## [RAW DATA]
◆ ◆ ◆ ◆ ◆

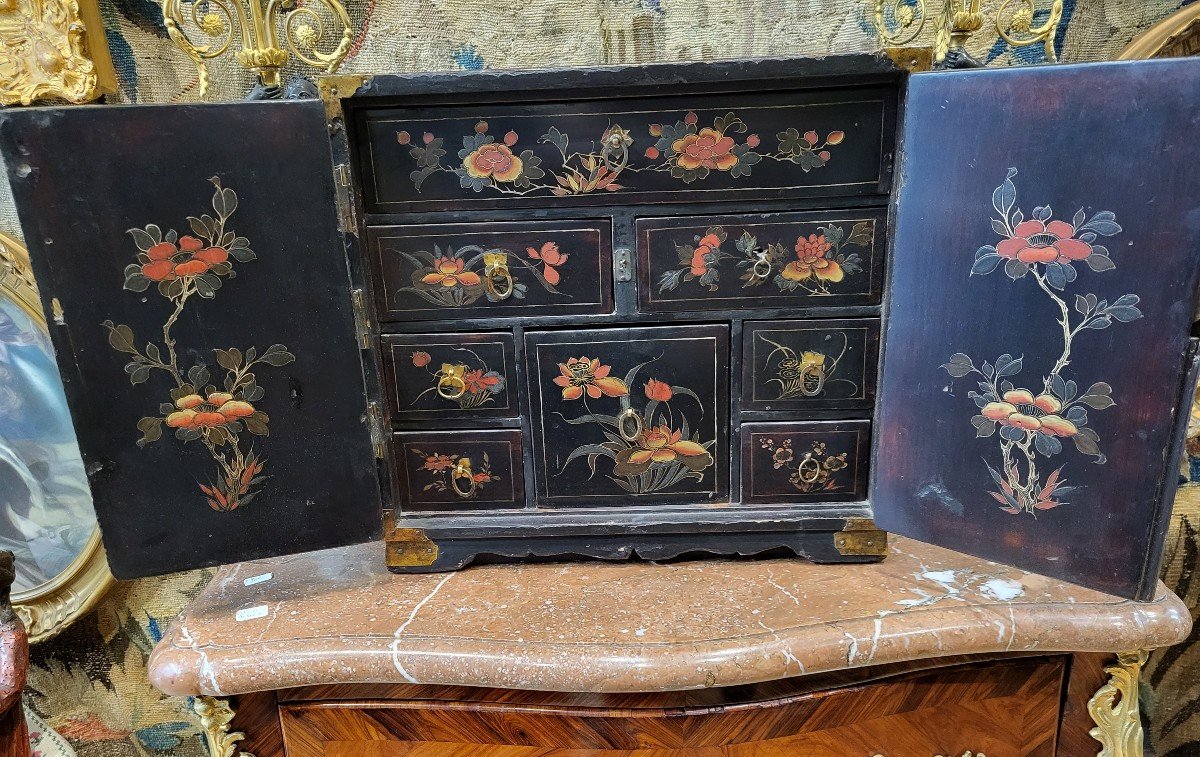 Small Chinese Lacquer Cabinet 19th Century -photo-2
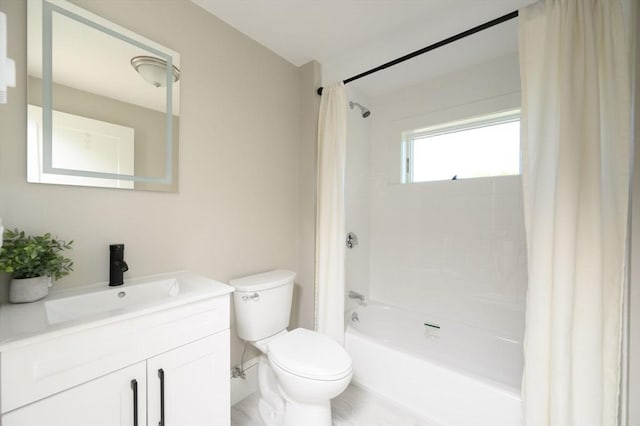 9 School St, Hull, MA 02045 - full bath with vanity, toilet, and shower / tub combo with curtain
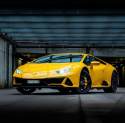 Lamborghini i ujęcie w hali. Samochód w całości zabezpieczony folią ppf w kolorze sunshine yellow gloss.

◆ ◆ ◆ ◆ ◆

## [PROBLEM STATEMENT]
Transcribe the listing above in full and exactly; no pictures belong in the copy.

## [REPLY TO THE TASK]
 Small Chinese Lacquer Cabinet 19th Century -photo-2
 9 School St, Hull, MA 02045 - full bath with vanity, toilet, and shower / tub combo with curtain
 Lamborghini i ujęcie w hali. Samochód w całości zabezpieczony folią ppf w kolorze sunshine yellow gloss.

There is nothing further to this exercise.